WHAT YOU ARE ASKED TO DO —
Please restate word for word the lines from the top of the entries through the line that contains "You can also", and do not include any pictures.

GIVEN ENTRIES —
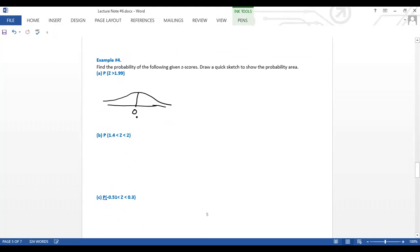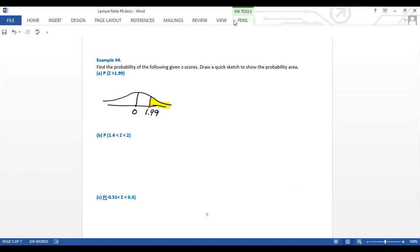For this problem, z = 1.99. I want the area greater than 1.99. Looking at the graph, I'm looking for the right-tail area here. For this example I'll show you how to use the z-table, and then for the next ones I'll directly use the TI-84 calculator or R code.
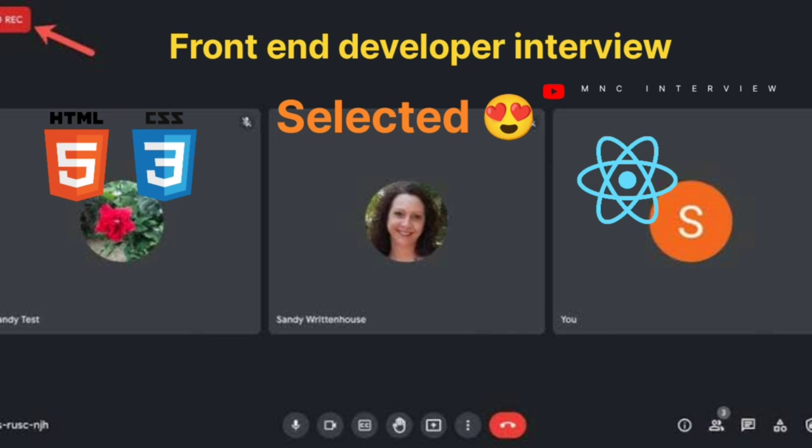Even if you explicitly give display inline to a child, it will be rejected and overwritten — it automatically becomes display block if the parent has display flex. That is why any element inside a flexbox can be given height and width.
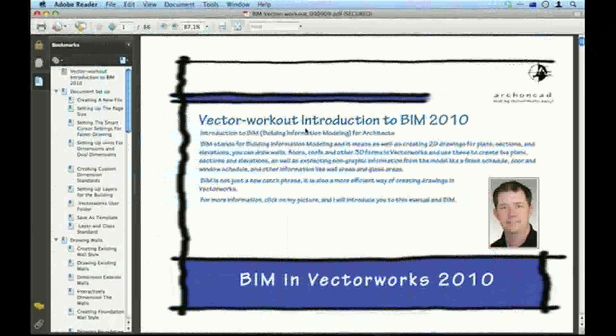Hi, my name's Jonathan Pickup. I'd like to thank you for buying my introduction to BIM for 2010. This is an introduction to building information modelling, or BIM if you like.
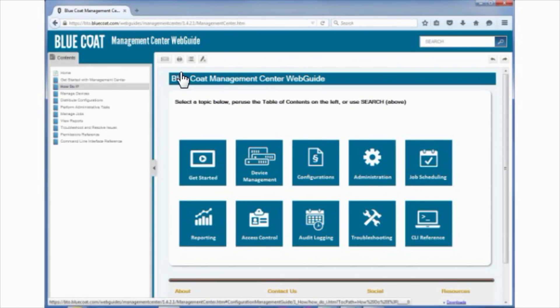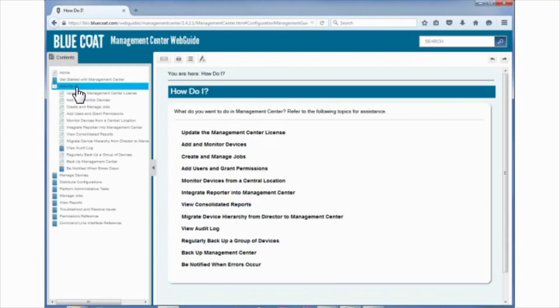You can also use the Table of Contents to find more specific topics, including a task-based How Do I section.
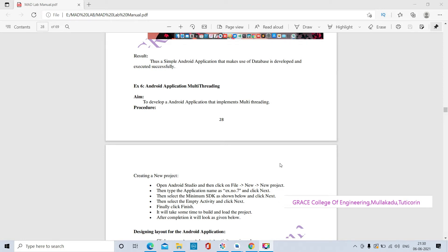Hi students, Grace College of Engineering — Mobile Application Development Lab, Sixth Exercise: Android Applications for Multi-Threading. We will create Android applications using multi-threading. Threading means any job or process, so multi-threading means at the same time it will do multiple jobs or multiple processes.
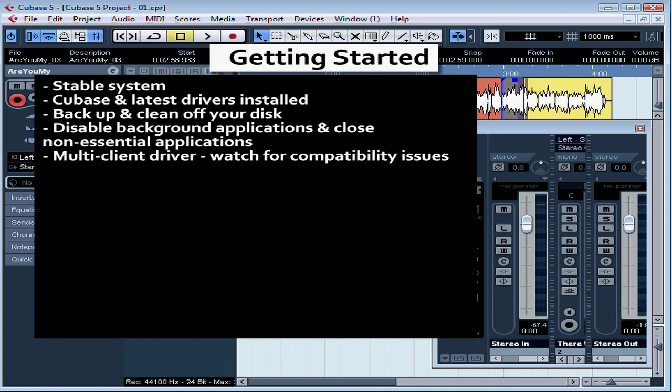Thirdly, you'll need to watch out for compatibility issues between the active software and hardware. This concludes our lesson on getting started.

RESULT FOR THIS EXERCISE —
For this problem, z = 1.99. I want the area greater than 1.99. Looking at the graph, I'm looking for the right-tail area here. For this example I'll show you how to use the z-table, and then for the next ones I'll directly use the TI-84 calculator or R code.
Even if you explicitly give display inline to a child, it will be rejected and overwritten — it automatically becomes display block if the parent has display flex. That is why any element inside a flexbox can be given height and width.
Hi, my name's Jonathan Pickup. I'd like to thank you for buying my introduction to BIM for 2010. This is an introduction to building information modelling, or BIM if you like.
You can also use the Table of Contents to find more specific topics, including a task-based How Do I section.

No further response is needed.